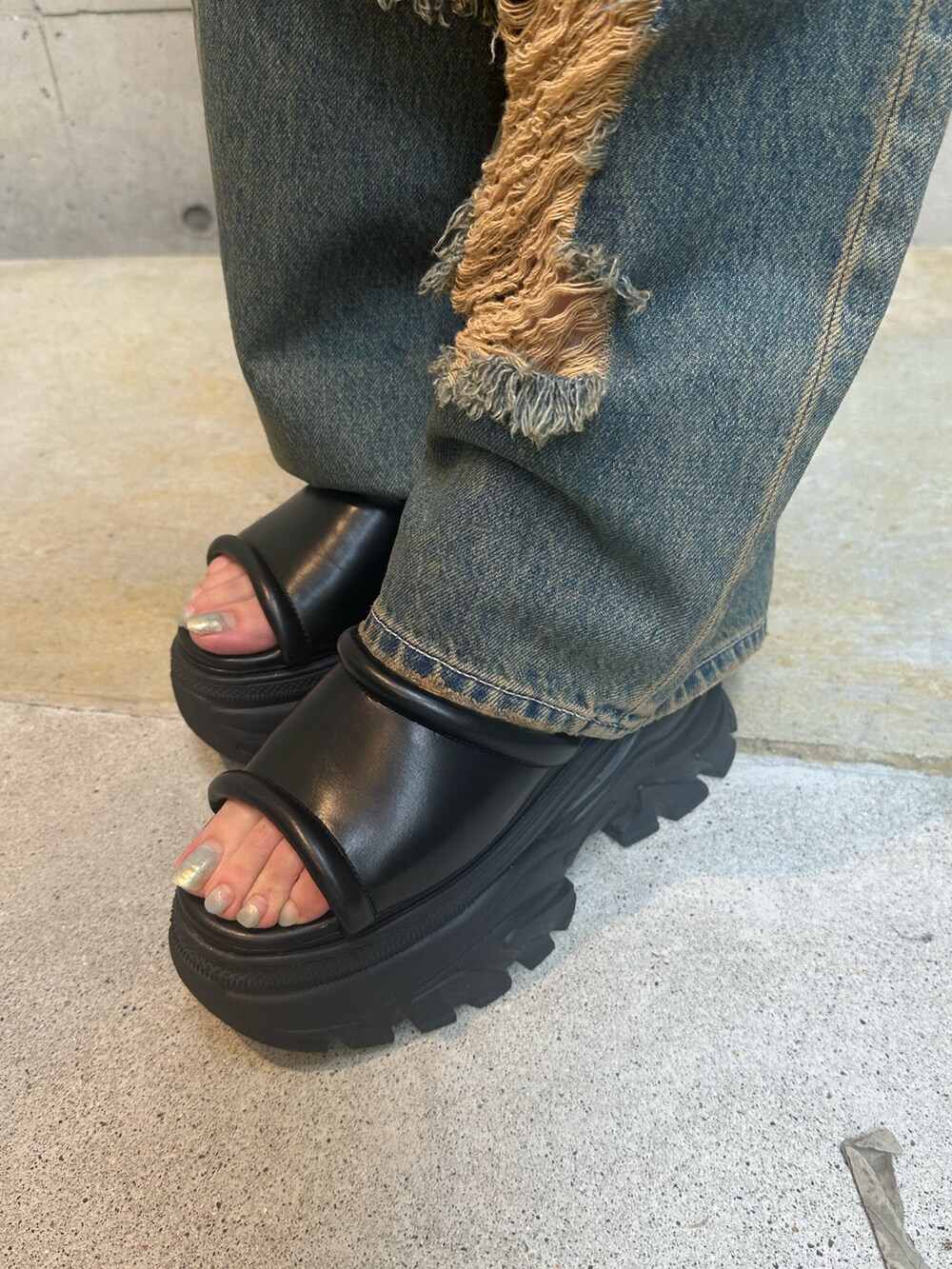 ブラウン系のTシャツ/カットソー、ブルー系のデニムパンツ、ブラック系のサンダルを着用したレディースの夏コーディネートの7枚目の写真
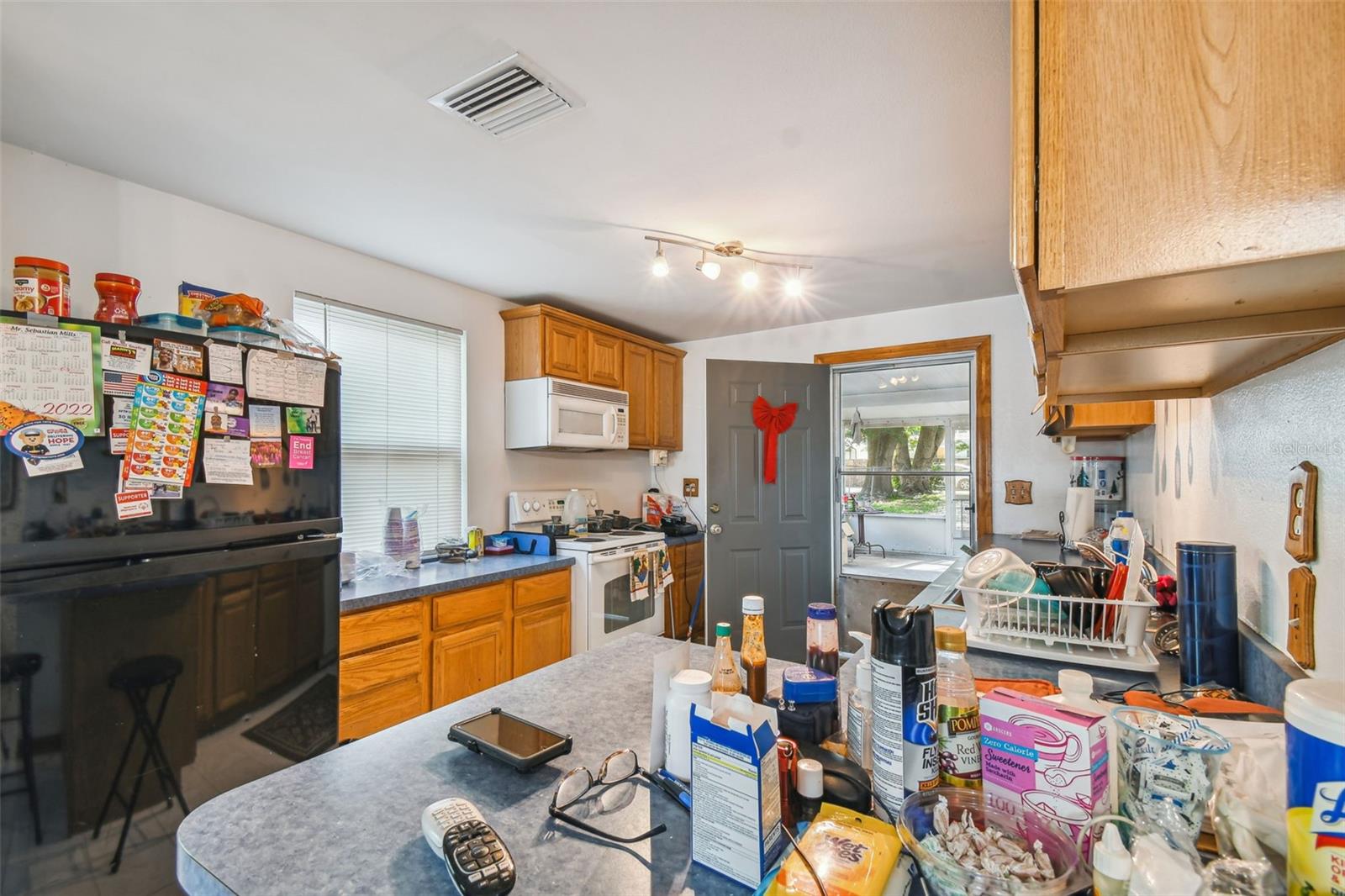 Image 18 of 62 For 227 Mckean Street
.....
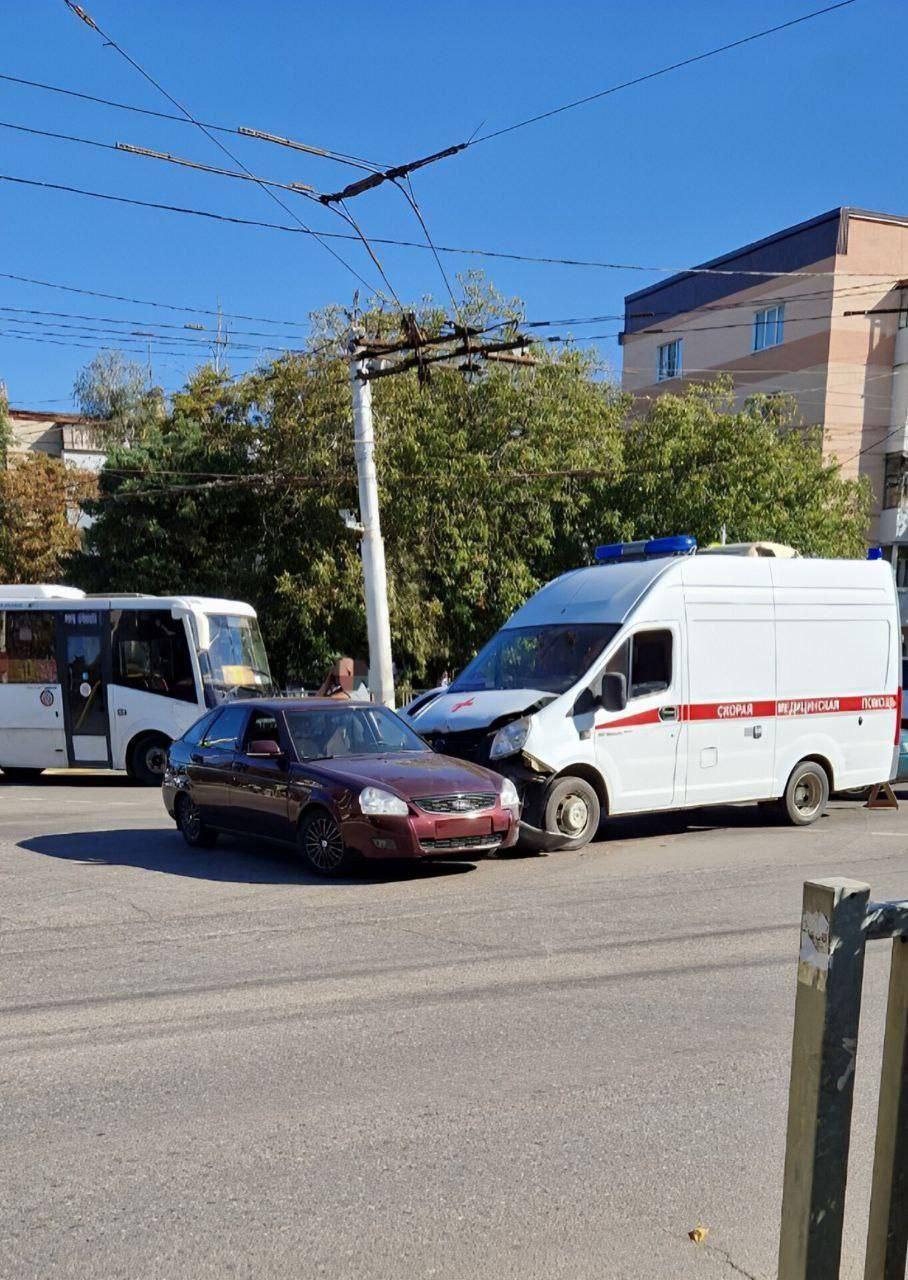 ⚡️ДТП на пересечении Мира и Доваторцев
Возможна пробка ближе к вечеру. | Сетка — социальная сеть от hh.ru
.....
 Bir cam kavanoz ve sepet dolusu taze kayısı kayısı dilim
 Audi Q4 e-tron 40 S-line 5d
.....
_What needs to be done:_ Reproduce, exactly and only, the lines of the records above starting at the line with "ブラウン系のTシャツ/カット" and ending at the line with "Image 18 of 62 For 227 Mckean Street", both included. Leave every picture out.

_Exercise response:_
 ブラウン系のTシャツ/カットソー、ブルー系のデニムパンツ、ブラック系のサンダルを着用したレディースの夏コーディネートの7枚目の写真
 Image 18 of 62 For 227 Mckean Street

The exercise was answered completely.